Records for this task below:

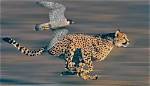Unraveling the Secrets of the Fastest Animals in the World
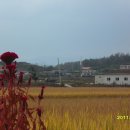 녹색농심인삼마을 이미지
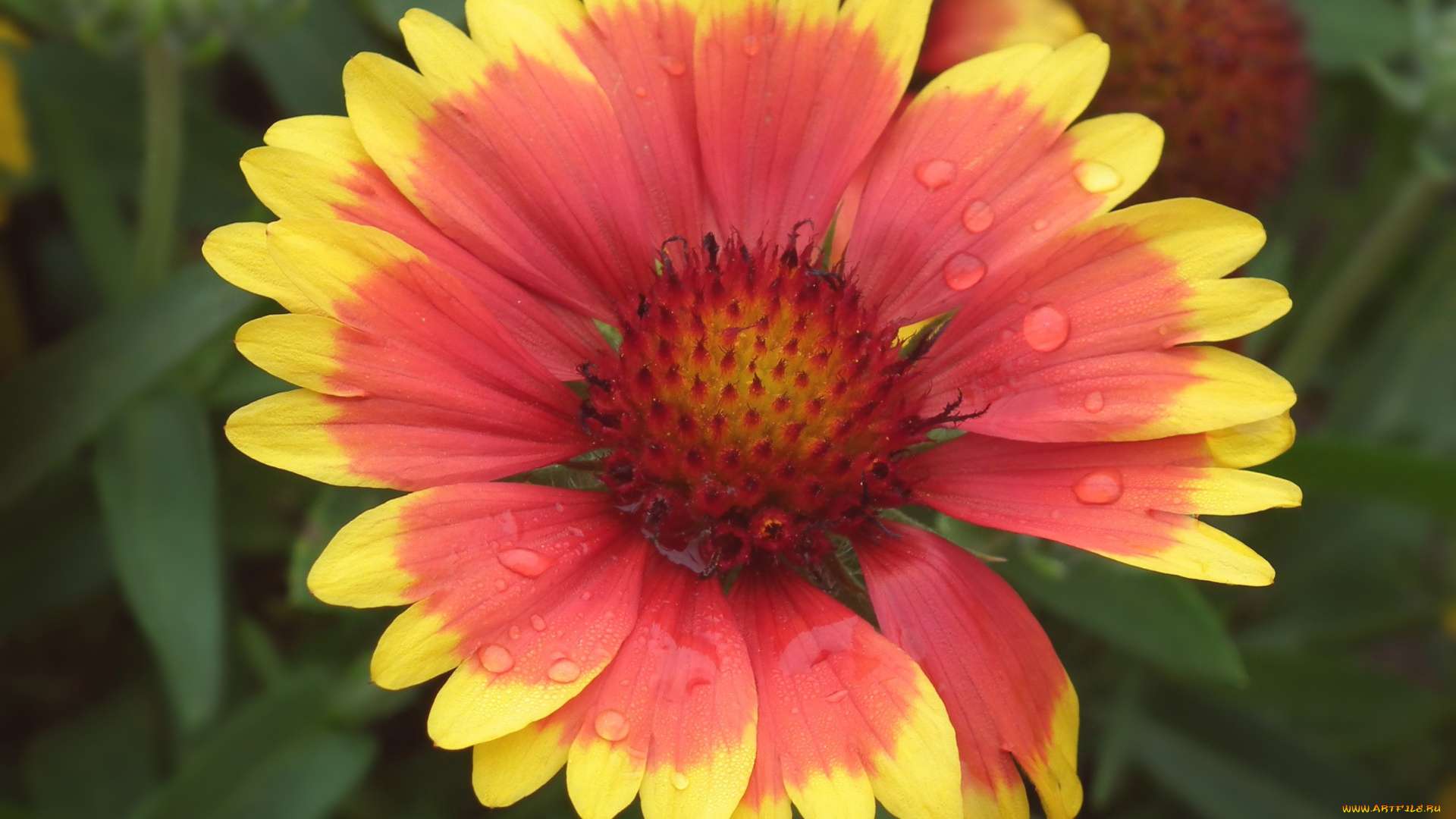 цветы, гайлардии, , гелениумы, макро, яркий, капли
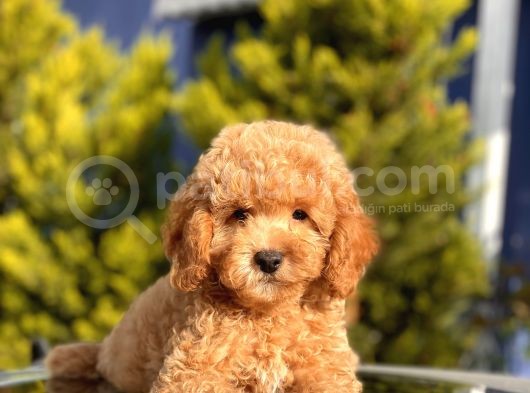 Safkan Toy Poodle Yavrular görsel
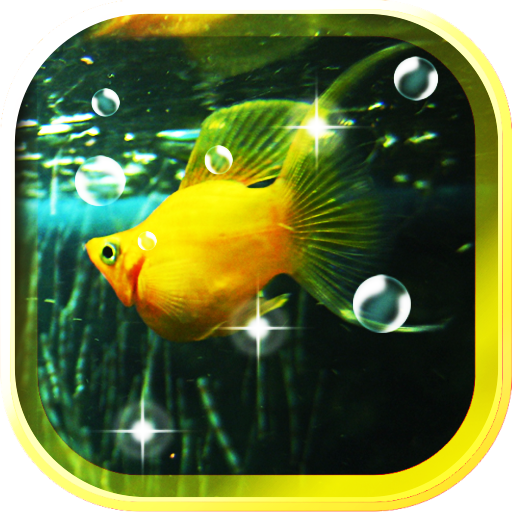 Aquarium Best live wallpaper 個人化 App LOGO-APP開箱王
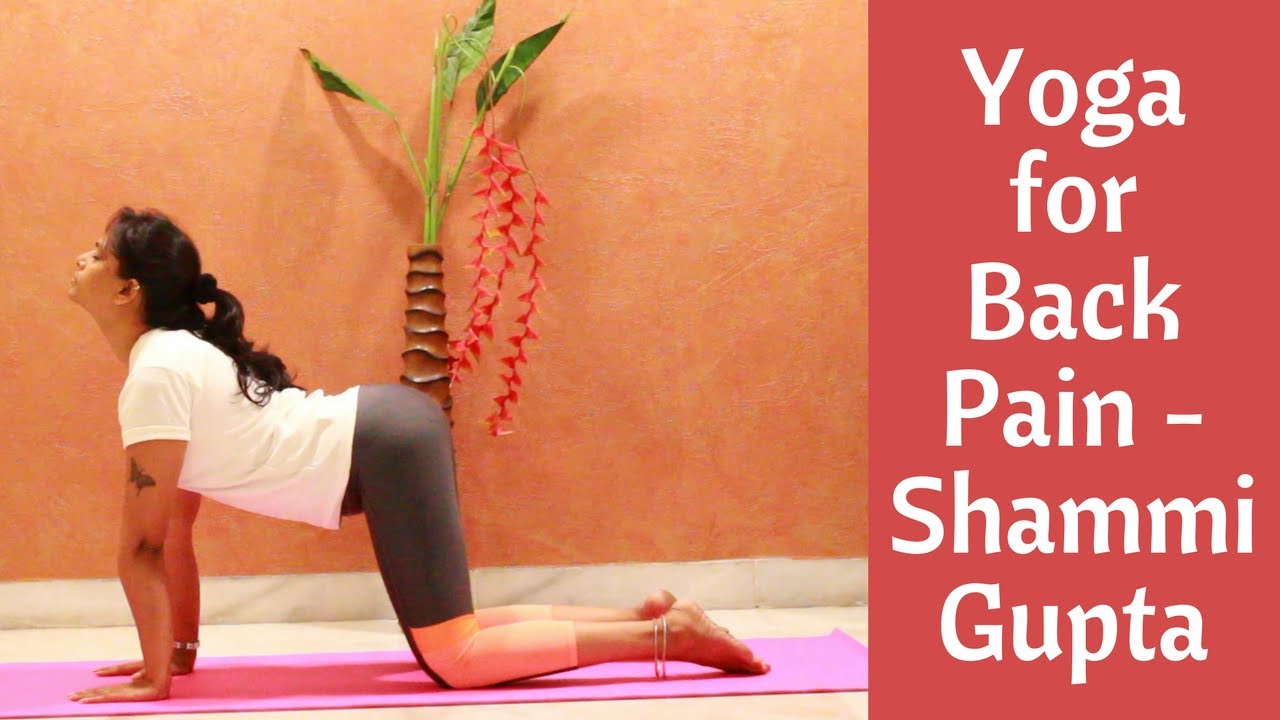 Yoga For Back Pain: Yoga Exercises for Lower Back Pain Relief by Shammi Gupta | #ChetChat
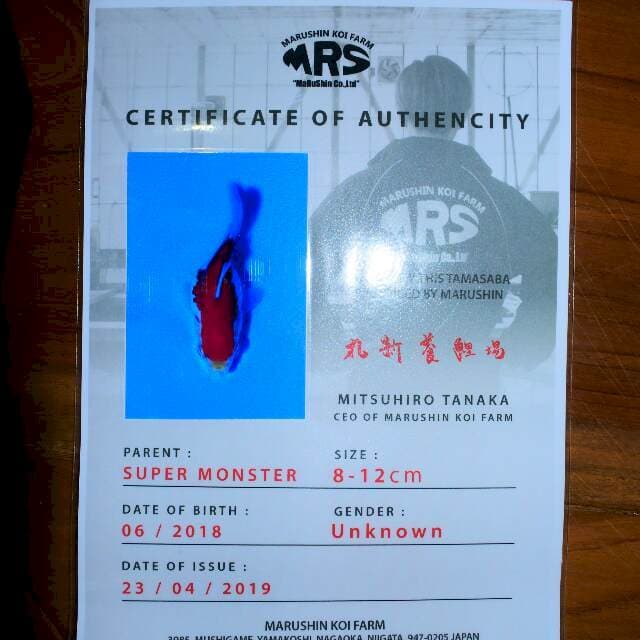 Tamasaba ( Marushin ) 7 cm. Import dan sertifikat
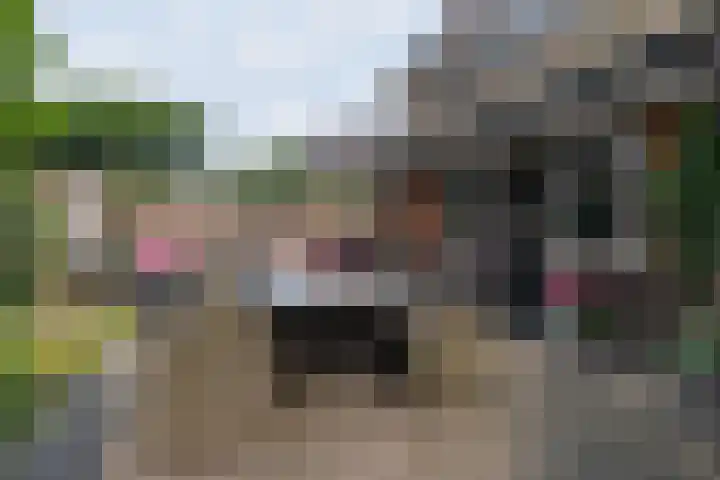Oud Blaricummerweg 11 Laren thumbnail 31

End of Records for this task.

- **Activity**
Please copy the lines exactly, beginning at the one containing "Tamasaba ( Marushin" and ending at the last line of the records above, both included, with the pictures left out.

- **Exercise result**
 Tamasaba ( Marushin ) 7 cm. Import dan sertifikat
Oud Blaricummerweg 11 Laren thumbnail 31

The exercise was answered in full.